C. DIRE DEMOGRAPHIC AND POLITICAL CONSEQUENCES ARE IN STORE FOR RADICAL ENVIRONMENTALISTS
Well worth noting is the demographic consequences of Radical Environmentalism. Those advocating this position tend to have had only one child, if that, in the last two decades. Accordingly:
What radical environmentalists have committed is akin to ethnic suicide; let’s call it ideological suicide.
Those believing in the biblical truth of multiplying and filling the Earth have continued to have large families. Since the advent of Radical Environmentalism in America in the last two decades, it is estimated that the latter ideological affinity group has outperformed the former by six million children. Those six million children are just now reaching voting status. Said another way, young Americans raised with a Christian worldview will soon outnumber the children of radical environmentalists by at least six million voters in coming elections. Indeed, the scriptural truth that your sins will find you out will soon be realized across the country. Hopefully, the religion of Radical Environmentalism will soon be relegated to fringe minority status in American society. Amen.
1. Per statistics from the Metropolitan Water District of Southern California.
2. The words “Us” and “Our” in this passage are indicative of the Trinitarian nature of God (cf.
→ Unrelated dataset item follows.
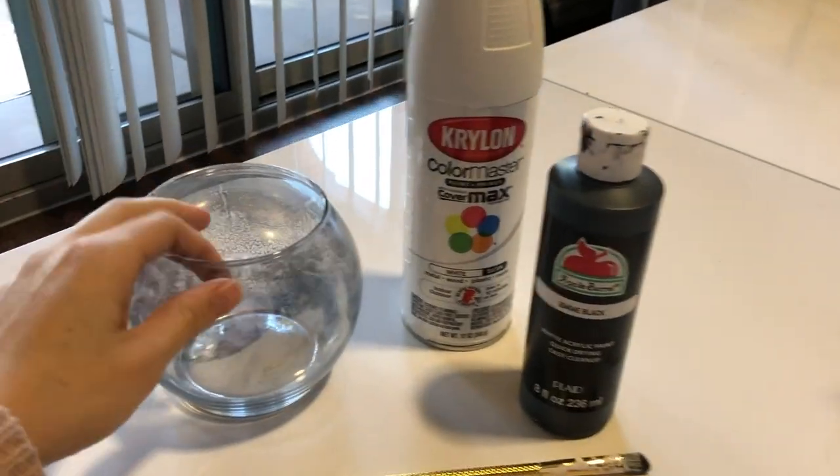I also just used some random glass vases that I already had around my house, and I wanted to transform those and be able to display them in a new way. These are some super quick and easy ways that you can transform these, so let me know what you guys think about this in the comments.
Deuteronomy 6:4).
3. Meaning God is in everything.
4. Schaeffer, Francis, Genesis in Space and Time (London: Hodder and Stoughton Limited, 1972), 51.
5. McHarg, Ian L., Design with Nature (Garden City: New York, Doubleday/Natural History Press, 1971), 68.
6. Insight Magazine; Spring 2001.
7. When given the opportunity to store California Bay Area drinking water in a new proposed reservoir near Lake Shasta in the northern part of the state, so as to facilitate the deconstruction of the Hetch Hetchy Reservoir Dam in the Sierra Nevada, I find it interesting that radical environmentalists refuse the proposition because HHR water and power presently cost the Bay Area nothing! That observation is to say that when restoring the environment comes at a personal cost, they seem quick to jettison their ideology.